---------- MATERIAL TO PROCESS ----------
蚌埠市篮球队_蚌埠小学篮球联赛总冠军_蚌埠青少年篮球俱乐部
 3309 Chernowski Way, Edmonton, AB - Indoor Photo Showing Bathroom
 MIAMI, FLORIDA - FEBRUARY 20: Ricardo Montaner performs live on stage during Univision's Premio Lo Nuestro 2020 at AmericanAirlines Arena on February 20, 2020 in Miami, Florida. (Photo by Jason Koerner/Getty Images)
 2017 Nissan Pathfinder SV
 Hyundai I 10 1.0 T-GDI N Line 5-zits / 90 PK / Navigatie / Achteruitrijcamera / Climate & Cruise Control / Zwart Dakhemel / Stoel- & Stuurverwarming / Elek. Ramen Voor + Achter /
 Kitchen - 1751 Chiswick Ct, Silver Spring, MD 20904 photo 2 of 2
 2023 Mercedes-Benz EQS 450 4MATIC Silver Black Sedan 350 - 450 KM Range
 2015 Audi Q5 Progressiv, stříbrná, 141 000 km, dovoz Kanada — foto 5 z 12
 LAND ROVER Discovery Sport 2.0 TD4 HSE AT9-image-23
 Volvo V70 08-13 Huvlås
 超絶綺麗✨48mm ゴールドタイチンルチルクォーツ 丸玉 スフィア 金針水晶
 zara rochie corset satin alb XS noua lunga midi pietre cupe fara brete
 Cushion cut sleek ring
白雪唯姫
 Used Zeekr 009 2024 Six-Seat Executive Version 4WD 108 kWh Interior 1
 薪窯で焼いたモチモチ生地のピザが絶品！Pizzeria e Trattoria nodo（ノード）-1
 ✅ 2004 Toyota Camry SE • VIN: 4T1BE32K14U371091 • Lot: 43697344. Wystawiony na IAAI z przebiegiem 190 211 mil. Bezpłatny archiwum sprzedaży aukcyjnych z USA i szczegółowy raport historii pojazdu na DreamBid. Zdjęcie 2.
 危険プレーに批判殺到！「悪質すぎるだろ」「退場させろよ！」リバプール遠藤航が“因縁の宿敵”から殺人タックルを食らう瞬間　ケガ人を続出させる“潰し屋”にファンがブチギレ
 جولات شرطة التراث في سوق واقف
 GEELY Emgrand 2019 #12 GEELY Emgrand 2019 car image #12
----------
→ **WORK INSTRUCTIONS**
Count up the lines in the records that contain the word "Silver" and reply with that figure only.

→ **EXPECTED ANSWER**
2